If not, he lets it lapse.
One time, however, he let it lapse, and shortly thereafter, he received an inquiry about licensing the patent from someone who had been trying to get a hold of him for some time. Karasek filed a late renewal, checked the "unintentional lapse" box, and paid the fee.
Now, State Farm Insurance is angry, because they are being sued by the patent licensee. They maintain that because the initial lapse was not unintentional, Karasek had engaged in inequitable conduct by "falsely representing" as much to the PTO. The district court agreed, and found the patent unenforceable.
Karasek argued "mistake of fact," as he was mistaken about the demand for the patent due to issues with the phone system and the illness of the head of the Technology Transfer Office. Had it not been for those extenuating circumstances, Karasek would have known about the demand and would not have let the patent lapse.
The district court, citing In re Carlson, held to the common-sense notion that "[t]he discovery of additional information after making a deliberate decision to withhold a timely action is not the 'mistake in fact' that might form the basis for acceptance of a maintenance fee."
Majority: Everyone Does It
A showing of inequitable conduct requires (1) misrepresented or omitted information material to patentability that's (2) done with intent to mislead or deceive the PTO.
The majority's holding, reversing the district court, can be summarized as this: Everyone does it.
The applicable regulations give the PTO director discretion to accept the payment of any maintenance fee after expiration if the missed payment was (a) unavoidable or (b) unintentional.
The PTO has a standardized form that does not require details, and simply states: "The delay in payment of the maintenance fee to this patent was unintentional." Karasek used this standardized form.
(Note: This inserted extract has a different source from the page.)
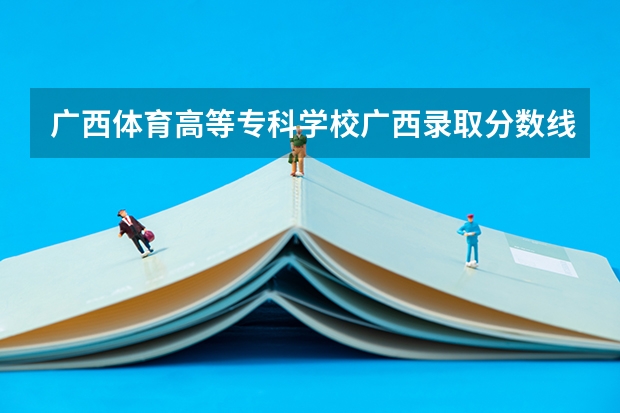 广西体育高等专科学校广西录取分数线 广西体育高等专科学校广西招生人数多少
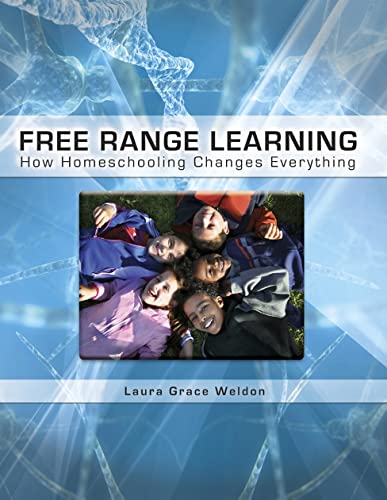 Stock image for Free Range Learning: How Homeschooling Changes Everything for sale by AwesomeBooks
The court also looked up past post-expiration payments and found that out of the applications accessible by the public, none provided details.
In short: Standard procedure is to use the form and leave off the details, even if that means a conscious decision to not renew a patent is labeled "unintentional."
Dissent: But He Chose to Let It Lapse
They chose to let the patent lapse because of facts not known at the time. Though cases do suggest that mistake of fact may be a tenable theory, no one can find an example of such a theory actually working (and in fact, Carlson went the other way). In another case, In re '974, the PTO stated:
"intentional action or inaction [in paying a maintenance fee] precludes a finding of unintentional delay, even if the agent-representative made his decision not to timely take the necessary action in a good faith error."
The dissent in short: The clear line of cases indicates that the PTO would not have excused the Navy Research Laboratory's neglect of multiple phone calls and email messages as a "mistake of fact."
Related Resources:
- Network Signatures, Inc. v. State Farm Mutual Auto (Fed. Circuit Court of Appeals)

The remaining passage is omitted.